Notwithstanding the lack of confirmation, I think it was on behalf of Trump Entertainment; why else would the buyer choose to be anonymous?

turmp_smug

Because I’m shy?

Our concept of private property derives from the pre-technological and agrarian era: a homestead was land that a family settled upon, built upon, fenced, and defended.  The homestead had no infrastructure: the homesteader built his own water and sanitation; there was no electricity, and vehicles followed dirt paths and roads.  The homestead owner had the right to remain foolish; the right to remain stubborn; ornery; as long as he remained independent, no one could tell him what to do with or on his own property.

keep_out_sign

Past here, you do not own and have no right to enter

But the modern world depends on infrastructure; infrastructure depends on networks; and infrastructure establishment costs are usually greater than can be supported by the recurring revenues from users.  If a city is to sustain infrastructure, therefore, government must finance and subsidize it, and if the infrastructure is to be retrofitted into a previous urban grid, then eminent domain is necessary. 

In many ways, this tussle between Ms. Coking and Atlantic City was prefigured in Aldous Huxley’s 1932 Brave New World, which envisioned an entire society of benevolent government in which everyone’s property rights – in fact, everyone’s personal rights, including their right of life – were subject to the all-knowing benevolent state, as personified by the aptly named Mustapha Mond (word code for ‘devil’s world’):

“In fact,” said Mustapha Mond, “you’re claiming the right to be unhappy.”

“All right then,” said the Savage defiantly, “I’m claiming the right to be unhappy.”
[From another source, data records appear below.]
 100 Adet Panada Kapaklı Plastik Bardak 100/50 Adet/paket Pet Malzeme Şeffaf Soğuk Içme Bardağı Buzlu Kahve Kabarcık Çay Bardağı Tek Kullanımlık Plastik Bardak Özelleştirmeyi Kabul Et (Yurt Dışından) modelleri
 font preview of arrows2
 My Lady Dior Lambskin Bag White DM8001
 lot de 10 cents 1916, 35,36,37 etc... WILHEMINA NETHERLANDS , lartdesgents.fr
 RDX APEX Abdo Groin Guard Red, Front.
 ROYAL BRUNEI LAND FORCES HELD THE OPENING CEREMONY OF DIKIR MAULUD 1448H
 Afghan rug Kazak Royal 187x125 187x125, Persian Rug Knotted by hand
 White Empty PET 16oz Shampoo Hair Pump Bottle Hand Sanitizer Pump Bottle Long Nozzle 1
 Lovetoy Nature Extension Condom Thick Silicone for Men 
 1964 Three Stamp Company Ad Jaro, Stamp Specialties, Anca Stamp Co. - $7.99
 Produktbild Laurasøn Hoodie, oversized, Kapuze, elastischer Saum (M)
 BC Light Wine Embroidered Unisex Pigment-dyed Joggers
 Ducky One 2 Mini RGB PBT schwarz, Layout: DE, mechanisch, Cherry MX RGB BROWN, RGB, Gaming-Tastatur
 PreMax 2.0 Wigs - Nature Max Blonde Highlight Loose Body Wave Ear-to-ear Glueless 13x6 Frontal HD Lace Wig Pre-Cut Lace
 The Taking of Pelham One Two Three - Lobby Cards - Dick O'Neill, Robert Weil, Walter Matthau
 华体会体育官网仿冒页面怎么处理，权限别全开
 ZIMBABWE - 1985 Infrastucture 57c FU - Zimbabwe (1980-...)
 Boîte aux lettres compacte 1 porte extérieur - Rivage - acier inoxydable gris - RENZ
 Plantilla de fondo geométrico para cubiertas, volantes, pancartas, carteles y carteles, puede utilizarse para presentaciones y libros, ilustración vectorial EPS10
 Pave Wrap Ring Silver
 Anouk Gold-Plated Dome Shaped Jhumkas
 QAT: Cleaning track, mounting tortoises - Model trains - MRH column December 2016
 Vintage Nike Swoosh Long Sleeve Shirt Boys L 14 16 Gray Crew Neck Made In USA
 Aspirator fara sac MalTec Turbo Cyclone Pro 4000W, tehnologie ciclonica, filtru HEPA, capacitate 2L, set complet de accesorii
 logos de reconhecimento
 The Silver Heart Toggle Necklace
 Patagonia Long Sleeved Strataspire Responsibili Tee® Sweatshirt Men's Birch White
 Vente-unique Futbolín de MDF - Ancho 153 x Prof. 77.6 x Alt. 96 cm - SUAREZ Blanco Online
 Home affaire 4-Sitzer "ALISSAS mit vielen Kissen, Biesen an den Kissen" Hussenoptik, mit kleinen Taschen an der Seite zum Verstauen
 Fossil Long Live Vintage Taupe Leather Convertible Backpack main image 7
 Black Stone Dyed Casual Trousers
“Not to mention the right to grow old and ugly and impotent; the right to have syphilis and cancer; the right to have too little to eat; the right to be lousy; the right to live in constant apprehension of what may happen to-morrow; the right to catch typhoid; the right to be tortured by unspeakable pains of every kind.”

There was a long silence.

“I claim them all,” said the Savage at last.

Mustapha Mond shrugged his shoulders. “You’re welcome,” he said.